The world will be a little better off with a decline of Microsoft. 90% desktop market share is too much. More diversity will be healthier. Chromebooks should take some market share. Microsoft can own 50-70% market share and still be very profitable. They might even be more innovative in other areas.
Enterprise IT is being slowly but surely replaced by online services. The desktop OS ecosystem lock-in that Microsoft enjoyed for so long is definitely on its way out. It will take a long time, since every big company painted itself into a corner with vendor lock-in solutions like Windows, Blackberry, SAP, Oracle, etc, and there are a LOT of people whose job is entirely devoted to maintaining that lock-in. I think we're looking forward to a bloodbath in Enterprise IT in the coming years. I see it every day in my job: big companies are serious about getting off the desktop right now.
If you're in enterprise IT and you disagree with me, remember this: unless you're the CIO, you'll be the last to know.
Who exactly are you speaking for when you say they are not attractive? A large part of Microsoft's share is in school/org licenses. Another large one is for the unskilled users of computers. I would very much consider Google as a real competitor for them.
I look at it this way. Chrome notebooks are priced beyond that of PC laptops, they offer no benefit over a PC laptop running Chrome, so why buy one? Further ChromeOs will have limited local storage, and absolutely no native apps. This means no Skype, no local movie player, etc. A buyer would actually be getting less for their money by buying a ChromeOS machine instead of a $350 laptop at BestBuy with Chrome installed.
The form factor for consumption of media, video and news, does not require a keyboard. In fact it does not seem to require much of the laptop form factor at all. The tablet may already be the best solution, time will tell. But ChromeOS is avoiding stepping on Android's toes, and is not expanding in that direction. And that is limiting.
Leasing will only be available for schools, businesses, and governments--entities already in long term contracts with Apple or PC manufacturers. There won't be much penetration in the short term. And when it comes to price comparisons, ChromeOS will not have the support base and personelle which is already built up around PCs.

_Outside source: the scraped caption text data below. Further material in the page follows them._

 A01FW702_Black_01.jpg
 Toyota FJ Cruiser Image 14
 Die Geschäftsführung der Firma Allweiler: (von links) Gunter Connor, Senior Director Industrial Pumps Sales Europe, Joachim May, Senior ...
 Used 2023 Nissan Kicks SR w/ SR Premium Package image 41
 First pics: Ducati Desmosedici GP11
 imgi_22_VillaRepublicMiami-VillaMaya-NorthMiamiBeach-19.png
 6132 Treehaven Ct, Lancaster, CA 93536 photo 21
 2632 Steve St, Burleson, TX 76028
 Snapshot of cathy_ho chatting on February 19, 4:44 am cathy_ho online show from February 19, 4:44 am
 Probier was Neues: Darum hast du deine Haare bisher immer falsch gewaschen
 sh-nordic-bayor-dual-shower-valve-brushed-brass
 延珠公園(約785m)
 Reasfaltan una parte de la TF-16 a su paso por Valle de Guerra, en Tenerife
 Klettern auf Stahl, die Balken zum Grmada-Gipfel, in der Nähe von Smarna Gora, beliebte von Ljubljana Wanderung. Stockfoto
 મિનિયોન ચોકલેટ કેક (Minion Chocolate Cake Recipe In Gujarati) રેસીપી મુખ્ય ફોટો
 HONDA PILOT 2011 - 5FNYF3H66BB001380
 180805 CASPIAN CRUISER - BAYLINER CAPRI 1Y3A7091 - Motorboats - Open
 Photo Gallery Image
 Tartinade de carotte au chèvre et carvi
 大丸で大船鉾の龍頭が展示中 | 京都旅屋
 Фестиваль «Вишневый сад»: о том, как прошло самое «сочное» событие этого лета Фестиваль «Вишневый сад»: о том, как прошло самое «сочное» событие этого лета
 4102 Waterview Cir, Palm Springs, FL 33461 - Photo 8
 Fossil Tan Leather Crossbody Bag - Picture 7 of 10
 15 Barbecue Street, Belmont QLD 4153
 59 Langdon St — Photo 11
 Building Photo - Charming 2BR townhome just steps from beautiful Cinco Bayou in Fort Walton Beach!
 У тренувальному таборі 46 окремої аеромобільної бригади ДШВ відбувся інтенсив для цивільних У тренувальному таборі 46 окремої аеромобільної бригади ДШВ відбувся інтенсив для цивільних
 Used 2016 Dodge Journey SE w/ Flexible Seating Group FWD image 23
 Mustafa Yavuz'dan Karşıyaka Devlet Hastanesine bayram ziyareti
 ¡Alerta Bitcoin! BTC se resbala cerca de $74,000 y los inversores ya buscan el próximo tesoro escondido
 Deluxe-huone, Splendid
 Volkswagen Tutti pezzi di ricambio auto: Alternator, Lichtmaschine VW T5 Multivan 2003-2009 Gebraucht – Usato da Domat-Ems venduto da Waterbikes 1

Lastly Chrome notebooks necessitate a wireless data plan, but as of now no carrier gives unlimited access for a low, flat fee. That means no unlimited Netflix or Hulu. And judging from my experience with a mobile data card, the connection is not stable enough for video streaming anyway, nor voice calls, nor multiplayer gaming.
Chromebooks actually compete with Windows. Apple basically doesn't - it serves a small segment of premium users. Microsoft is still for the masses and will continue to be unless a competitor undercuts it.
If these numbers are indicative of the US as a whole, 45% of new laptop purchases are OSX. IPhone, IPod touch, and IPad are selling well outside of the premium market. From these data points I still feel Apple is the main competitor to MS.
Being indicative means having predictive power, not being representative. It is often the case that student trends are indicative of larger trends; for instance the number of college graduates looking for employment.
As for laptops, looking at data is better than pointless statements:
Laptop sales correlate with google search trends. The later has a bimodal distribution, with one peak in August and one in December. The former represents back to school sales, and due to its size, it is clear that student purchases of laptops are a significant factor in the market.
I'm more concerned about a company that stores all of my private data and tells me what to look at when I am searching for answers having a dominant market shore.